Thursday, July 24, 2008

Fly Fishing Leads To Better Connecting

So during my vacation I got the opportunity to do a lot of fly fishing. I must first say that I am not an experienced fly fisherman. However having done it a few times over the past few years I have grown to love the sport and have gotten myself proficient enough that I can catch more fish than I lose.

There is something quite majestic and magical about the process. It is quite different from what I normally do which is bass fish. There's a completely different technique, approach and attitude that comes with fly fishing. Aside from the actual process of catching fish I find that sitting in a river and listening to the natural beat of the pulsating water actually has to be one of the most relaxing things I have ever done.

While standing in a stream in Colorado last week soaking in the incredible scenery, sounds and rhythm of a perfect mountain day something happened. I began to realize how similar the technique and approach I was taking to casting my fly out into the oncoming stream was to actually connecting with someone new. The analogous processes struck me as so incredibly similar, I just had to share.

To fly fish well you have to be willing to put yourself out there in the river with the fish. The water is often rough, cold and you constantly have to pay attention to your footing otherwise you might lose your balance and go for a rather unpleasant swim. The same rules apply when looking to make new connections. You have to be aware of your environment and be willing to put yourself in the position to make the right connections. Similar to fishing I think connecting requires a good bit of balance as well; balance in understanding who you are and what it takes to encourage people to want to get to know you.

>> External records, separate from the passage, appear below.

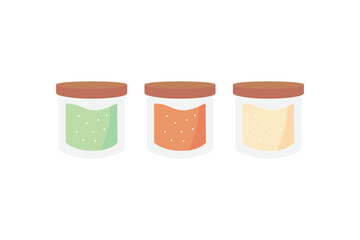 Spice jars. Bottles with seasoning powder. Ingredient, cooking, flavor concepts. Flat vector design isolated illustration.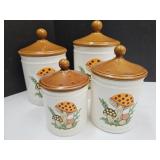 MCM Sears Roebuck Mushroom Canister Set 6-9" MCM Sears Roebuck Mushroom Canister Set 6-9"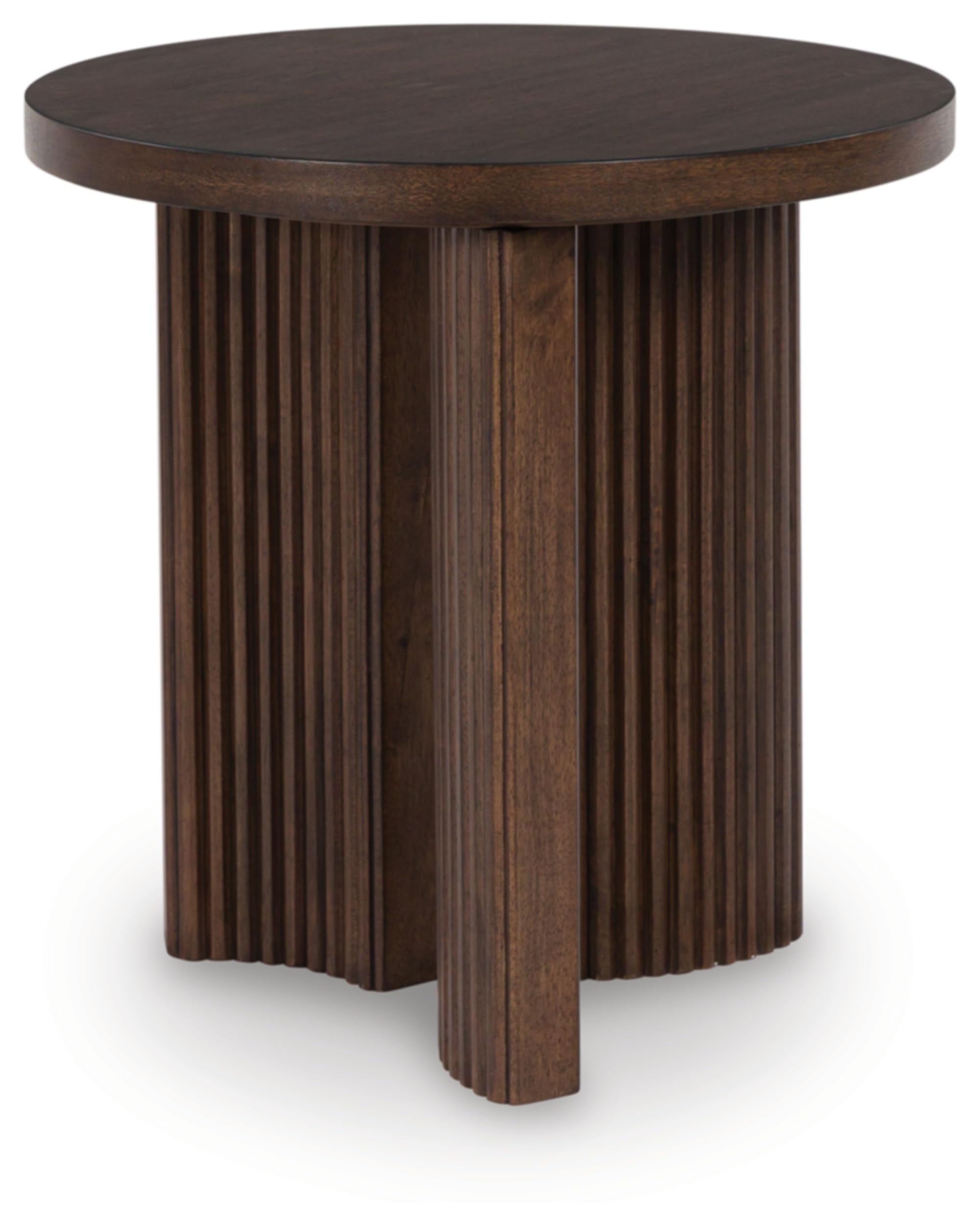 Korestone Contemporary End Table with Curved Legs, Dark Brown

Not only do you have to be out in the water but you have to gracefully move upstream. You have to navigate the oncoming water and river slick rocks to constantly move yourself forward to new spots to cast your line. Bad fisherman are often too aggressive as they move upstream. They splash, make noise, walk heavy and ultimately scare the fish off. Similarly to connecting I think one needs to constantly be willing to step forward and be open enough to look for new people to connect with whenever or wherever they may be. Whether it be at Starbucks, your son's soccer game, church, the neighborhood BBQ or the chamber luncheon. And of course like with fishing you can't walk up to a complete strange with an attitude of aggressiveness or arrogance lest they will swim away right before your very eyes.

Fly fishing is a graceful sport that requires the right preparation and equipment before you step foot into the river. A fly fisherman has to have a wide variety of flies to offer the potential fish because often times the fisherman won't know what might attract the fish until he or she is already in the thick of the river. That takes planning, preparation and a keen sense of awareness of what is working and what is not. Just like with connecting with someone new. You need to be prepared to engage people in a manner that makes them want to hear more of what you have to say. You have to have know what attracts people and keeps them engaged. You have to know that if something isn't working that you need to try something else. This takes practice and constant refinement but like with fishing it is an art form.

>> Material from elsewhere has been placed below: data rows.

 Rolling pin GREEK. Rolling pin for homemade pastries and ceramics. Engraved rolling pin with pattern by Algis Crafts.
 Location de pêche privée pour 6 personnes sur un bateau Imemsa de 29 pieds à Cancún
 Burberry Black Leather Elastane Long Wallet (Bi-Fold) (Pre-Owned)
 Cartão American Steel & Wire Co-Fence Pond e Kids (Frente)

So you have moved up stream and found a good spot. You have the right fly on the end of your line. You have the right technique and presentation to perfectly lay that fly just upstream and you watch as it peacefully floats on of the bubbly surface. THEN WHAM - a fish hits! This is when the adrenaline starts pumping and in that split second you have to react and hook the fish. Fly fishing is such that the line where the fly is attached is very delicate. Be too aggressive in setting the hook and you will pull the fly out of the fish's mouth or worse...break your line. There is a real finesse to hooking the fish and playing it back to you. You have to be patient and mindful of the fish's pride. Some fish fight harder than others and it takes a certain calmness and fortitude to turn all your focus and attention to the fish and let the situation play out. But if you show the fish the respect it deserves eventually it calms down and you can slowly begin to pull the fish towards you. If done right the results will be so worth it.

Networking, connection or simply engaging people in general is very similar. Once you have their attention it is important to take your time and don't rush things. No one cares what you do, what you sell or if you need a job or not. People will follow their urge to dart upstream when your objectives are your primary focus. You have to put your time, energy, attention and focus on them period! Connecting is a delicate game and rushing to force feed a connection a business card, sales pitch or whatever will result in a broken line of connection every time.

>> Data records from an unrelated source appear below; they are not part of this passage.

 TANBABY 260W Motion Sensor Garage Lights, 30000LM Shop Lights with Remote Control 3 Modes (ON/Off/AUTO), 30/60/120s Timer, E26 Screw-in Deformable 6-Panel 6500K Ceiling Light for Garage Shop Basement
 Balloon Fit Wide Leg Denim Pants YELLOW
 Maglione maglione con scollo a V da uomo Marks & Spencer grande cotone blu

Just like with your fish, you have to let things play out. You have to show your connection the respect he or she deserves. You do that by demonstrating a genuine interest in learning about them and who they are as a person first. You take your time and ask engaging and insightful questions (Ripple Connection Questions) and if done right the results will so be worth it.

The river is flowing and there are lots of fish out there. How many are you preparing to catch?

I have an extra set of waders so come on in the water is perfect!